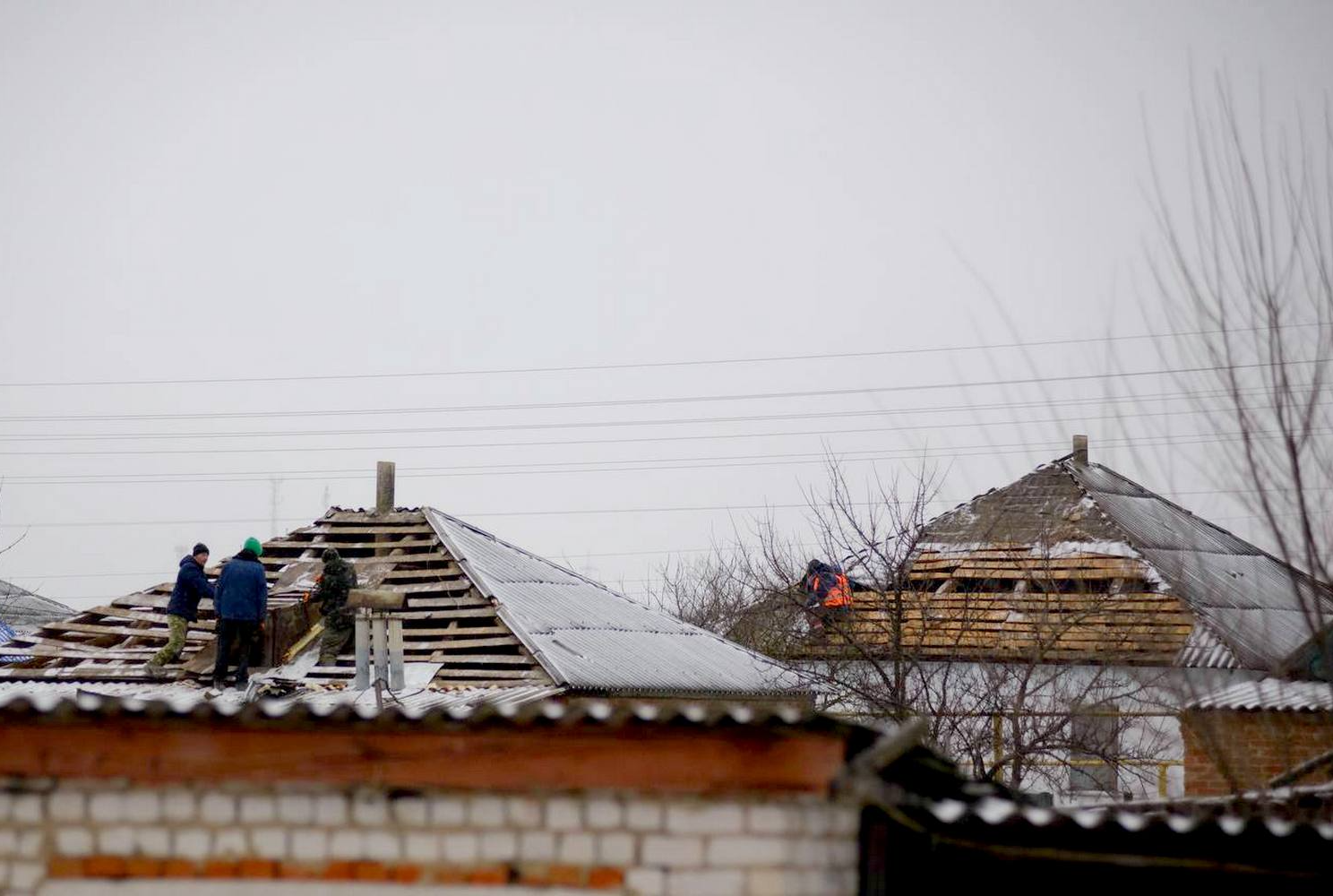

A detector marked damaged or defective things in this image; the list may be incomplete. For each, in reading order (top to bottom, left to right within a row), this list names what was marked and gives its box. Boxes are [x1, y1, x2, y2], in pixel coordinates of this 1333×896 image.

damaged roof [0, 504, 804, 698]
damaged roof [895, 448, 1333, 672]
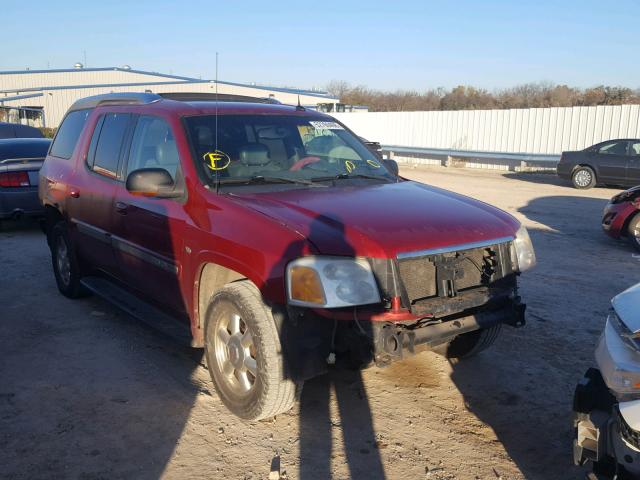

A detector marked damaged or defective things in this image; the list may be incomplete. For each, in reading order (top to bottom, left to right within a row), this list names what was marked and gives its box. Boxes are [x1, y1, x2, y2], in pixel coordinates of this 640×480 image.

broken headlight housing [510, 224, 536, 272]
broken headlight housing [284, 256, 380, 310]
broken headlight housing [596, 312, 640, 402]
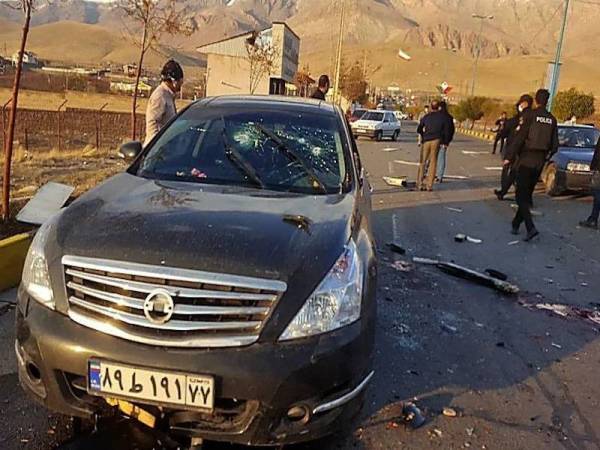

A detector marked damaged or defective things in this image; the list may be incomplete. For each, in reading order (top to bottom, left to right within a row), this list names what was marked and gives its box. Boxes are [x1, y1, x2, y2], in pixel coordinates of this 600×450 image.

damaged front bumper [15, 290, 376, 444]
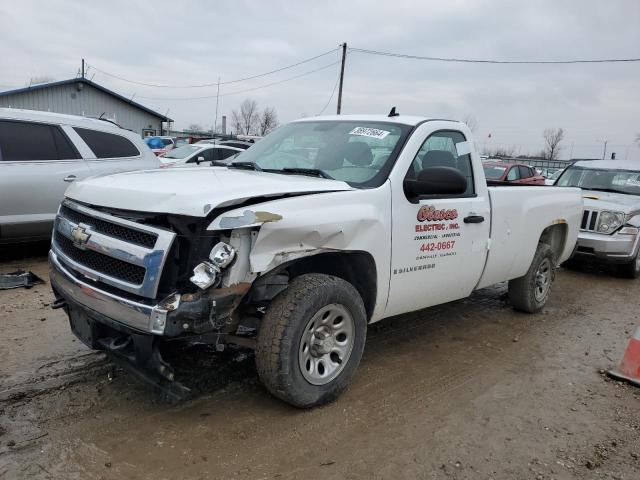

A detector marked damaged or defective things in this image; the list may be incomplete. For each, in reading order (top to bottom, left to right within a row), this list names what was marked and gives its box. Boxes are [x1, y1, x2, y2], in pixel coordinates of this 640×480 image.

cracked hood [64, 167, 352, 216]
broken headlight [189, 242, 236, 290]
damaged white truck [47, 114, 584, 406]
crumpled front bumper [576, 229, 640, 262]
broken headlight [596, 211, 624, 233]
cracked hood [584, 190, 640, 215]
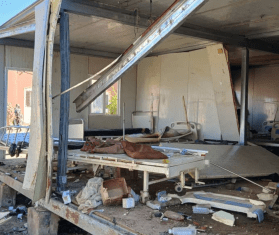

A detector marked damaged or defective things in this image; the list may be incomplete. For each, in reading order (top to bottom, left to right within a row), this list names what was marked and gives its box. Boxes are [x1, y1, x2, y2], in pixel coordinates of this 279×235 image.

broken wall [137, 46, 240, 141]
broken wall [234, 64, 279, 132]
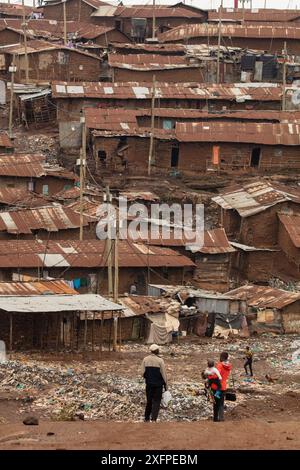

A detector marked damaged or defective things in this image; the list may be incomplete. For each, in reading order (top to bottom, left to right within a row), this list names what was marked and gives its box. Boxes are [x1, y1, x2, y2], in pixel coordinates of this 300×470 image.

**Exercise prompt:** Go back to the line that contains "this 279×235 image." and copy it, along with each line after it through the end of the listing above, exactly and without pictures.

**Response to this exercise:**
A detector marked damaged or defective things in this image; the list may be incomplete. For each, in reading order (top to bottom, left to right within a row), this list names what was marked and gives its box. Boxes are [x1, y1, x2, y2], in pixel coordinates of this 279×235 image.

broken wall [137, 46, 240, 141]
broken wall [234, 64, 279, 132]

A detector marked damaged or defective things in this image; the list may be incomplete. For each, in reading order (top to bottom, left to right within a row), this list names what was marked and gives its box. Boxes are [x1, y1, x2, y2], in pixel coordinates of this 300×470 image.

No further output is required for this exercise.